#### DATA:
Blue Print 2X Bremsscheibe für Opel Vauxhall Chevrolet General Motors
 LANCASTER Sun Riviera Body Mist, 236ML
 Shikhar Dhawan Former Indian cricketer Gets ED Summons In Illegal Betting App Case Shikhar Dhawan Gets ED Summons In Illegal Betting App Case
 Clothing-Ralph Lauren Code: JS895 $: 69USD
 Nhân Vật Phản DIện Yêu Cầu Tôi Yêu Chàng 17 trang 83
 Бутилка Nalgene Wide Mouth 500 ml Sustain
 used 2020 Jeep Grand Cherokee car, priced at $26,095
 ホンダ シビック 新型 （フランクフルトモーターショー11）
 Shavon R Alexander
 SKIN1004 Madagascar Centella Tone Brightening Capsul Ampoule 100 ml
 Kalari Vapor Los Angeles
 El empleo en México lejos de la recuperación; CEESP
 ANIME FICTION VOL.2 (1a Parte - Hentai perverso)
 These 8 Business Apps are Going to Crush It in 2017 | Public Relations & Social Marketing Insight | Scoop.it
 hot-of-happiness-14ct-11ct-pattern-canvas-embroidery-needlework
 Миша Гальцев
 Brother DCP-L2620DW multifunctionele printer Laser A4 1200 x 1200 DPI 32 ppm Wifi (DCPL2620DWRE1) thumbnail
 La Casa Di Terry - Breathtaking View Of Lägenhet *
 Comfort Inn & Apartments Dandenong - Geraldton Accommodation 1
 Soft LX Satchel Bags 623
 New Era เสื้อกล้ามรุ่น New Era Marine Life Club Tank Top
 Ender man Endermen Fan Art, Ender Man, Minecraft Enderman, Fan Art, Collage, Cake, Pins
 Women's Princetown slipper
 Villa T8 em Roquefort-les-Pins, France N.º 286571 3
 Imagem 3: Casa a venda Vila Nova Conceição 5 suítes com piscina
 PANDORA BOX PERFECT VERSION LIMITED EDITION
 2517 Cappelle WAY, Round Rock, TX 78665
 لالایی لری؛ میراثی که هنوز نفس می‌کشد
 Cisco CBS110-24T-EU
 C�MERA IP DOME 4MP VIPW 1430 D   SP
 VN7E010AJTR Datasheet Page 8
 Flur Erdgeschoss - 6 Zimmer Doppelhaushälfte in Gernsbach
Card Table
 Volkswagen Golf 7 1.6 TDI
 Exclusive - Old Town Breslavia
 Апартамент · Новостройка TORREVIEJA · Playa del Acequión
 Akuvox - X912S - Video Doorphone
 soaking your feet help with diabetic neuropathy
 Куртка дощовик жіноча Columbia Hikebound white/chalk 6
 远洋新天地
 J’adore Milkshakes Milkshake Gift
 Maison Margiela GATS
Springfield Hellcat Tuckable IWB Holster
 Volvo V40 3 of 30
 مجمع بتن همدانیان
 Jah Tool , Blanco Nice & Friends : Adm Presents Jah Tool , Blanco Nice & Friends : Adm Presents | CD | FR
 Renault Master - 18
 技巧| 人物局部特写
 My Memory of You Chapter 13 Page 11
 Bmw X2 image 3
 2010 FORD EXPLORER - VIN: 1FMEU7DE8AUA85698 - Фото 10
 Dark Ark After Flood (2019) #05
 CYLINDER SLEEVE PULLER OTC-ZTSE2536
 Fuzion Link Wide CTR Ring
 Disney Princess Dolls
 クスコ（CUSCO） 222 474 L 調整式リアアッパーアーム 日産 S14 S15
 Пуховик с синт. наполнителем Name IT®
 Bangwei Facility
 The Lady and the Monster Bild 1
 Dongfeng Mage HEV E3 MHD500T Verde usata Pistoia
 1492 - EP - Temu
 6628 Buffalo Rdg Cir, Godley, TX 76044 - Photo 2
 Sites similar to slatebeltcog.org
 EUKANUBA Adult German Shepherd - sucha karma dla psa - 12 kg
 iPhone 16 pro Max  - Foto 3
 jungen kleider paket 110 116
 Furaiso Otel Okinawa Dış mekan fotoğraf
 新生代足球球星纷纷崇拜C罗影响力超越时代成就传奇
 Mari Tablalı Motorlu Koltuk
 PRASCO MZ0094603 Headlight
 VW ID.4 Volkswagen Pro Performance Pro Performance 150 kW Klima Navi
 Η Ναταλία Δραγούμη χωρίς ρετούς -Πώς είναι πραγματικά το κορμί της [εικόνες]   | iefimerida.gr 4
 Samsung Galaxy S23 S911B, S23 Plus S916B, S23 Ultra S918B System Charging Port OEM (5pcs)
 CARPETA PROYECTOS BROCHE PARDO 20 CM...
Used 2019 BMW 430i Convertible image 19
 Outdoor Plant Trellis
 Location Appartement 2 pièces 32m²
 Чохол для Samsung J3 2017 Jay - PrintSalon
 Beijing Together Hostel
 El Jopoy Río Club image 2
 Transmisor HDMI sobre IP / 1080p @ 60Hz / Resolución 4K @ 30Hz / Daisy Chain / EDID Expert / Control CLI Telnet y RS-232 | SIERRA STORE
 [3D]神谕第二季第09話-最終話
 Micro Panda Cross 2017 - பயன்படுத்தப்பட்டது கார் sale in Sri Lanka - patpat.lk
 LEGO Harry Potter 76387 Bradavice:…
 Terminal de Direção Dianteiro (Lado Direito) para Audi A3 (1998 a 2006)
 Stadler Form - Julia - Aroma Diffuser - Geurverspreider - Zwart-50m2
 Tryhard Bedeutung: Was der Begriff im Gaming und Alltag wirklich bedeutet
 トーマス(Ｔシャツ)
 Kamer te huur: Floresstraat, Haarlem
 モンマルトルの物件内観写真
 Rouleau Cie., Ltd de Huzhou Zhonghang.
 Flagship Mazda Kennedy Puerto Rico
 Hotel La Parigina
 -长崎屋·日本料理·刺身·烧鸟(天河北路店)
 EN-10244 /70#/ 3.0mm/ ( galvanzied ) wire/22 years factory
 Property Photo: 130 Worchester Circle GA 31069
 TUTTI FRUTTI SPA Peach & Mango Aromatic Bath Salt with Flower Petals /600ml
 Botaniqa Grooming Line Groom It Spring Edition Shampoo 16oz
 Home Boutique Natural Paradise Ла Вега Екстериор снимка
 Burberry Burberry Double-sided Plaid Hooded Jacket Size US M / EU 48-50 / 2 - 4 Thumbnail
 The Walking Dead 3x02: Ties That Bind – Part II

#### REQUIRED ACTION:
In the records above, find the line containing "Terminal de Direção"; please retype it and every line after it through the last line, exactly and with nothing else.

#### THE ANSWER:
 Terminal de Direção Dianteiro (Lado Direito) para Audi A3 (1998 a 2006)
 Stadler Form - Julia - Aroma Diffuser - Geurverspreider - Zwart-50m2
 Tryhard Bedeutung: Was der Begriff im Gaming und Alltag wirklich bedeutet
 トーマス(Ｔシャツ)
 Kamer te huur: Floresstraat, Haarlem
 モンマルトルの物件内観写真
 Rouleau Cie., Ltd de Huzhou Zhonghang.
 Flagship Mazda Kennedy Puerto Rico
 Hotel La Parigina
 -长崎屋·日本料理·刺身·烧鸟(天河北路店)
 EN-10244 /70#/ 3.0mm/ ( galvanzied ) wire/22 years factory
 Property Photo: 130 Worchester Circle GA 31069
 TUTTI FRUTTI SPA Peach & Mango Aromatic Bath Salt with Flower Petals /600ml
 Botaniqa Grooming Line Groom It Spring Edition Shampoo 16oz
 Home Boutique Natural Paradise Ла Вега Екстериор снимка
 Burberry Burberry Double-sided Plaid Hooded Jacket Size US M / EU 48-50 / 2 - 4 Thumbnail
 The Walking Dead 3x02: Ties That Bind – Part II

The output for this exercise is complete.